C'est en lisant le très intéressant livre d'histoire et d'histoire de la littérature La Commune des écrivains que j'avais noté le nom d'
André Léo. Derrière ce pseudonyme masculin se cache une femme, une Communarde engagée qui s'est battue et qui a combattu, notamment pour les droits des femmes. Quatre ans après la Semaine sanglante elle écrit ce "conte" du fond de son exil.
"Conte" oui, au premier abord. S'il n'y a pas la formule traditionnelle "il était une fois", l'intrigue se déroule dans un pays non nommé, imaginaire, mais qui nous ressemble, avec un style qui semble faussement naïf. Les personnages sont monolithiques, et d'ailleurs leur caractère est indiqué par leur nom : Lavisé, Pingrelet, Legros... On croirait lire une utopie : pas de débats politiques car les décisions sont prises par les sages du villages, pas de délit, pas de grandes inégalités sociales...

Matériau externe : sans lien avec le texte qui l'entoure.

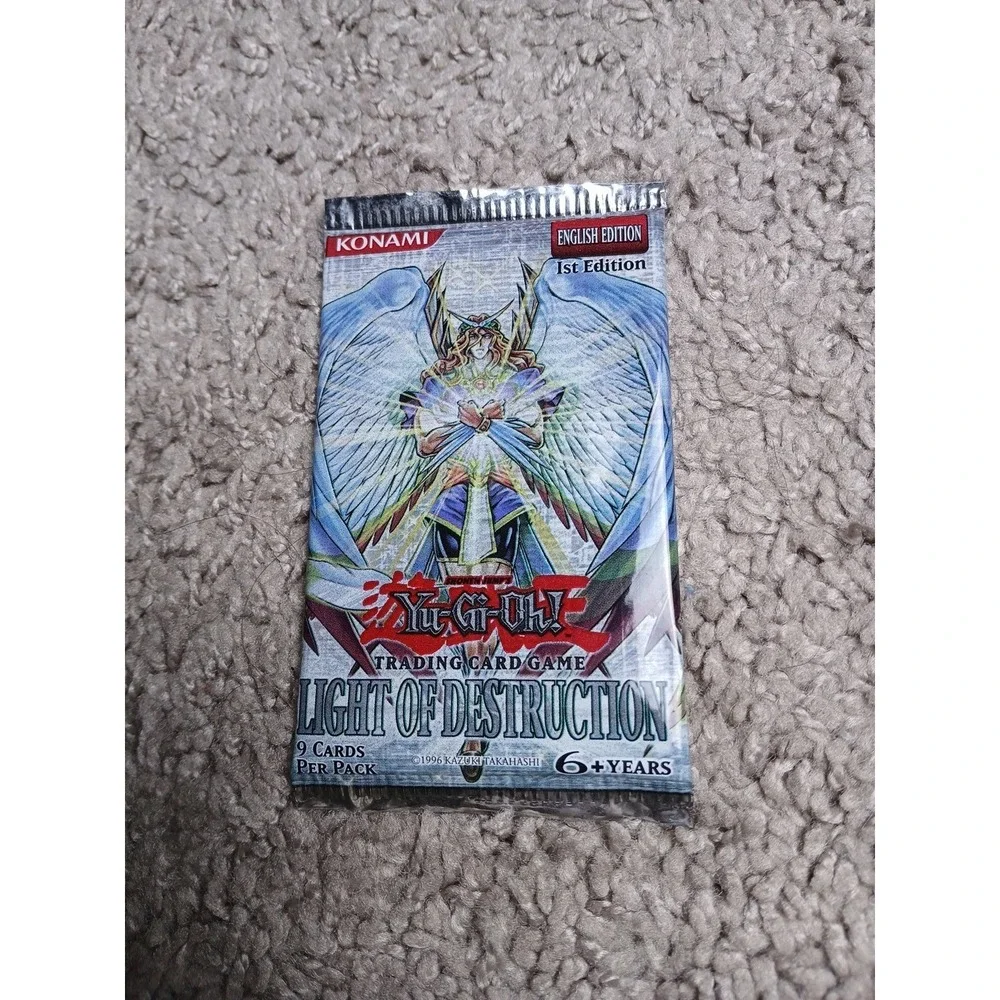 Yugioh! Light Of Destruction - 1st Edition Booster Pack - Guaranteed Unweighted!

L'élément perturbateur est l'arrivée d'un Prince, le prince Parfait. Il rallie à lui les habitants par de petits cadeaux, dragées, bonbons, décorations honorifiques, les "hochets qui mènent les hommes" comme disait Napoléon. L'envie, le désir de paraître, l'ambition, s'introduisent donc dans le village et menacent donc l'ordre établi. En termes modernes, on dirait que les cadeaux électoraux, les fausses promesses et la propagande ont séduit les citoyens... Et le premier ravage de ce nouveau système, c'est la perte des filles, séduites puis abandonnées enceintes par les soldats du prince et le prince lui-même.
André Léo expose alors ses idées de façon très pédagogique, par l'intermédiaire de l'apologue ou de la fable. Ce sont des idées sociales - asile pour les personnes âgées, orphelinat pour les enfants abandonnés, des idées politiques et économiques socialistes, marxistes : impôt sur le revenu pour taxer les plus riches, pacifisme, liberté d'expression, importance de l'instruction publique pour former des esprits critiques, libres, qui sachent raisonner. J'ai particulièrement aimé ces lignes sur l'éducation.
Certaines allusions à l'histoire récente du XIX ème siècle sont assez transparentes, tout comme d'autres résonnent curieusement avec notre présent : l'inflation des matières premières, es scandales financiers de boursicoteurs, les guerres menées dans l'intérêt personnel d'un dirigeant dont les peuples sont les principales victimes...
Heureusement, c'est grâce à l'intervention des femmes et de l'instituteur que la liberté revient dans le village.
Si le style peut sembler naïf et les idées exposées de façon bien appuyées, cela correspond au genre du conte. Et ces idées se révèlent très modernes, notamment par leur féminisme. Une intéressante découverte.